Although corticosteroid injections are widely used by physicians, a consensus on applications, techniques, and dosages has not been reached. Most physicians rely on past experience as a guide. Much more investigation is needed in this area. The primary contraindication to corticosteroid injections is local infection of the area of concern. In such an instance, it is necessary to avoid direct inoculation of the affected joint and to allow the innate immune response to initiate clearance of the bacteria.
Because corticosteroids have an inhibitory effect on leukocyte function and the normal healing response, their use can be a problem in the presence of early or established infection. Other contraindications include true hypersensitivity to corticosteroids, existence of a joint prosthesis, and hemorrhagic diathesis.
Direct injection into a tendon or a ligament should always be avoided owing to the risk of tendon rupture. Poorly compliant patients should not receive corticosteroids because they have an inherent propensity to fail to follow any portions of a treatment plan. In the case of corticosteroids, rest is just as important as rehabilitation. Joint instability, anticoagulation therapy, poorly controlled diabetes, and adjacent abraded skin are also reasons to avoid corticosteroid treatment.

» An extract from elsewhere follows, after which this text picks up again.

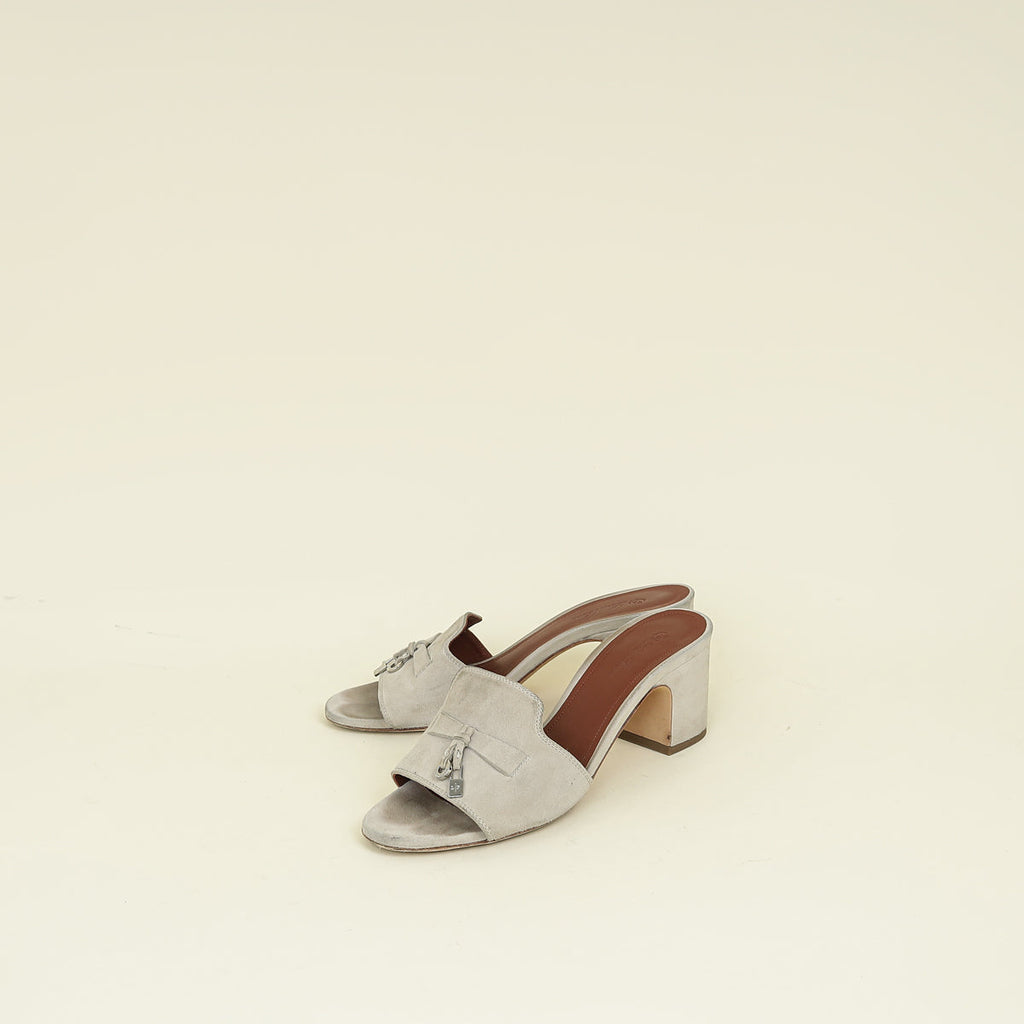 Loro Piana Pearl Powder Summer Charms Sandal 37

Adverse effects include local and systemic manifestations. Initial findings supporting systemic absorption of locally administered corticosteroids included beneficial effects in distant joints, increased metabolites in the urine, and transient eosinopenia. The most serious of the potential side effects is that at higher doses, such as would occur during treatment of multiple joints at the same time, the corticosteroids can inhibit the hypothalamic-pituitary-adrenal axis. This suppression occurred anywhere from two to seven days after injection. The stress response to hypoglycemia was also suppressed for 48 hours.

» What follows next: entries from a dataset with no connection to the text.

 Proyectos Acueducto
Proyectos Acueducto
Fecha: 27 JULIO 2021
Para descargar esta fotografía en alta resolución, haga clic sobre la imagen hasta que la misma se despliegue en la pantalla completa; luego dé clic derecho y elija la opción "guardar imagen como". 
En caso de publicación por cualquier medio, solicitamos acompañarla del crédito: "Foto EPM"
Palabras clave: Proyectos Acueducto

Some of the local effects have been alluded to in the section on indications; namely, both ligament and tendon ruptures can occur despite peritenon placement of the medication. Arthropathy, another result of injection treatment, is related to the reduction or elimination of pain with subsequent increased activity at the joint. The clinical presentation improves subjectively, but the objective evaluation shows further progression of the disease. This is why compliance of the patient is important in the use of corticosteroid treatment.
Other effects are avascular necrosis at the site of injection and distant joints, infection, postinjection flare, hypersensitivity reactions, cutaneous atrophy at the site of injection, and calcification of the joint capsule. Rare cases of necrotizing fasciitis and visual hallucinations have also been documented.

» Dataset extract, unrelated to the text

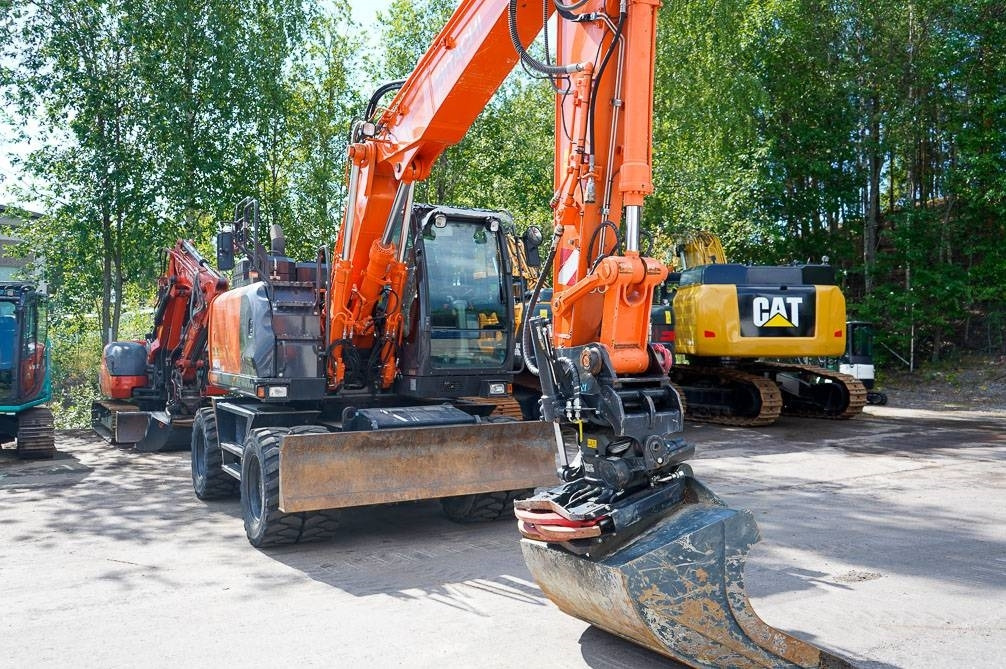 Hitachi ZX 140 W-6 - Wheel excavator: picture 5 Hitachi ZX 140 W-6 - Wheel excavator: picture 5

One relatively new manifestation is osteoporosis, which has been found secondary to the use of corticosteroids. Corticosteroids have been found to increase osteoclastic activity and inhibit osteoblastic activity, thus decreasing bone mass. The only differences from normal osteoporosis that occurs with age are that it occurs faster and in all ages. Because injectable corticosteroids are not administered in a constant manner, as oral corticosteroids are, they have not yet been implicated as the cause of osteoporosis.
We project that the reach for potentent corticosteroid medications, and for additional medications, for Mr. Sheffield does not bode well for his longevity. In 2008, if he does return to duty, Sheffield will be reduced to pinch hitting and occasional DH roles. His remaining days in uniform are most definitely numbered.